Quebec-born, Paris-based author Éric Plamondon’s Hungary-Hollywood Express opens with an epigraph from Jobs. However, it is difficult to ascertain what aspects of the novel make it (according to the publisher) “a shining example of a new generation of Québécois literary innovation.” Comprising 90 very brief chapters ostensibly organized around the life and times of Johnny Weissmuller, the Hungarian-American Olympic swimmer best known for playing Tarzan on the silver screen, Express is the first novel in a trilogy whose second and third instalments focus, respectively, on the writer Richard Brautigan, and, yes, Steve Jobs.
However, Express isn’t about Weissmuller. This is in part because it’s actually about a fictional middle-aged French Canadian, Gabriel Rivages, who becomes obsessed with Weissmuller, but also because many chapters have little discernible connection to either subject. A four-page list of everything an unspecified speaker sees in present-day New York City precedes a pseudo-haiku about a paper jam; a micro-biography of Tarzan author Edgar Rice Burroughs is followed inexplicably by a childhood story about Plamondon listening to the Beatles with his cousin, Luc.
Of course, this is the point: the only way to appreciate Express’s most frustrating qualities is to read them as an eschewal of conventions like linearity, plot, or character development meant to dissolve Weissmuller and Rivages into a conceptual statement on the futile search for meaning among raw data. However, this approach is undermined by the fact that there is nothing new about Plamondon’s stylistic choices, and also by his failure to develop any through line – narrative or conceptual – beyond a superficial level.
The only constant in Express is a tone of self-assured subversiveness that falls somewhere between a Michael Moore film and Adbusters. In one chapter, the narrator recounts being thrown to the ground by aggressive guards soon after landing at J.F.K. airport, then lists the unalienable rights guaranteed by the Declaration of Independence, and ends on a note of heavy-handed irony: “Welcome to America.” Much like its “innovative” aesthetics, the politics of Express are played out.
By contrast, Montreal author David Clerson’s novel, Brothers, reads like an ancient story about the future.

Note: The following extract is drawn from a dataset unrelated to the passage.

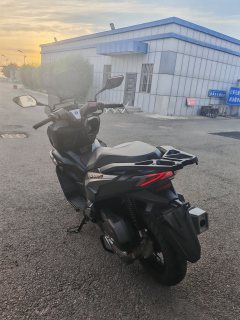 Voge Weilong SR150R - ფოტო 3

In breathless, sensory prose, two nameless brothers roam the dreary hills and marshes around their clapboard house, salvaging whatever washes up from the dark and menacing ocean.

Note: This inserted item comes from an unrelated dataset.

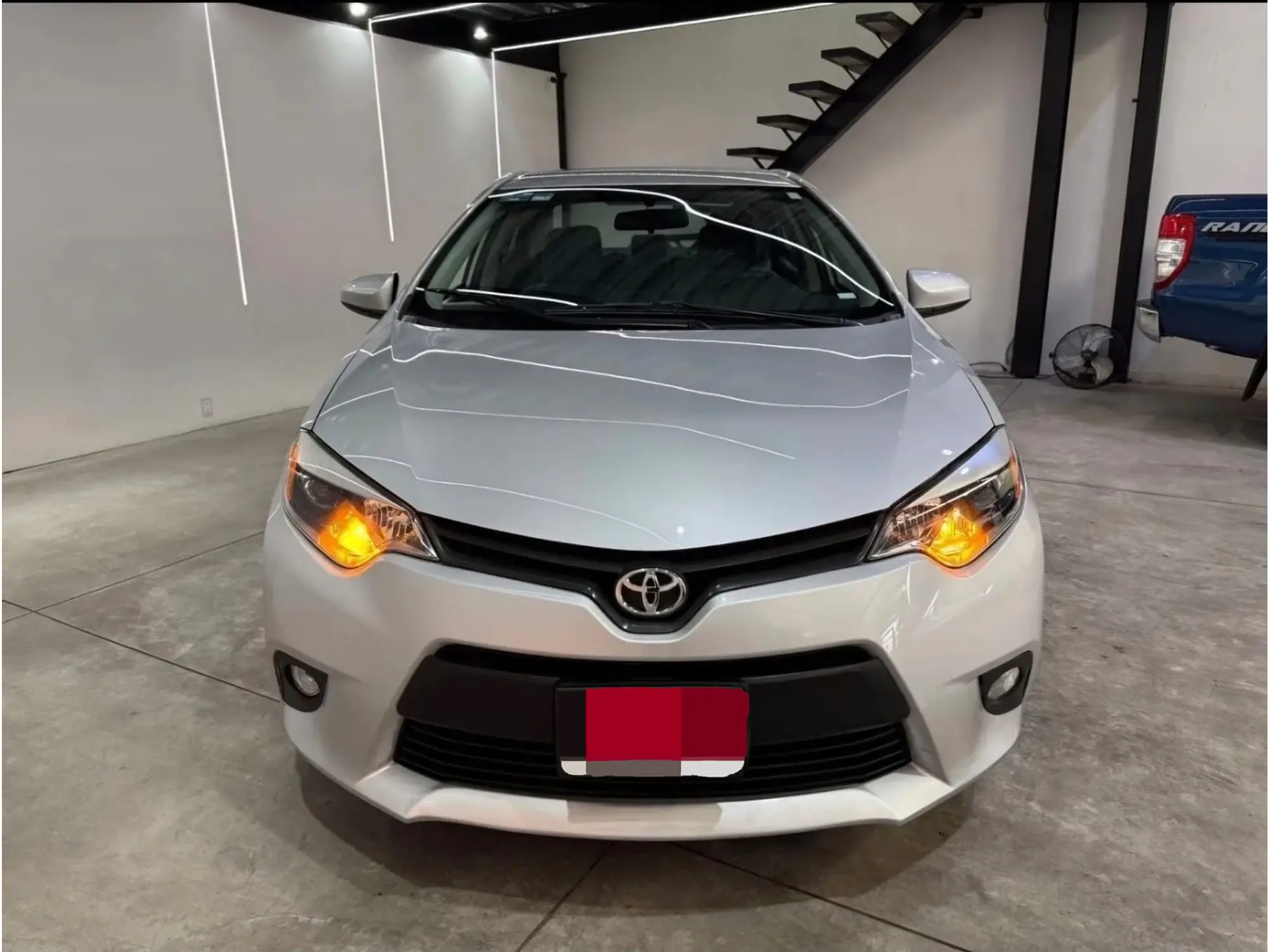 TOYOTA COROLLA 1.8 LE AT 2014 2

Aside from the tidewrack they recover and sometimes trade for food in town, the brothers know only what their aging mother tells them: that their “dog of a father” – a literal dog – washed up one day and is now gone; that the ocean from which he came is full of unfathomable dangers; that after giving birth to the older brother, their mother shaped the younger one from his severed left arm, which is why both boys are disfigured. When their fishing line pulls up a dead dog, the brothers interpret this as a call to set out on a makeshift boat in search of their father.
Clerson marries the deadpan tone of magical realism with the repetitive, incantatory quality of oral storytelling. Certain phrases – like “dog of a father” – appear again and again, and some narrative details change with each retelling.
Aspects of the landscape simultaneously evoke a fabled past and a dystopian future; the creatures purportedly living in the ocean include turtles with shells the size of islands, which echoes similar imagery in Hindu and various American indigenous mythologies, and two-headed fish, which, along with the boys’ own disfigurements, suggest a post-industrial, post-nuclear environment.
While the brothers can feel like composites of familiar protagonists (Adam, Oedipus, Odysseus), the stripped-down quality of the prose keeps the novel’s connotative heft from becoming too cumbersome. Clerson’s sparing use of pronouns foregrounds the concrete differences between places and characters. The first major change of setting, for instance, is marked halfway through the book by the first explicit mention of the colour yellow.
By using timeless techniques to distill various traditions into a singular, satisfying story, Brothers offers a genuine example of literary innovation.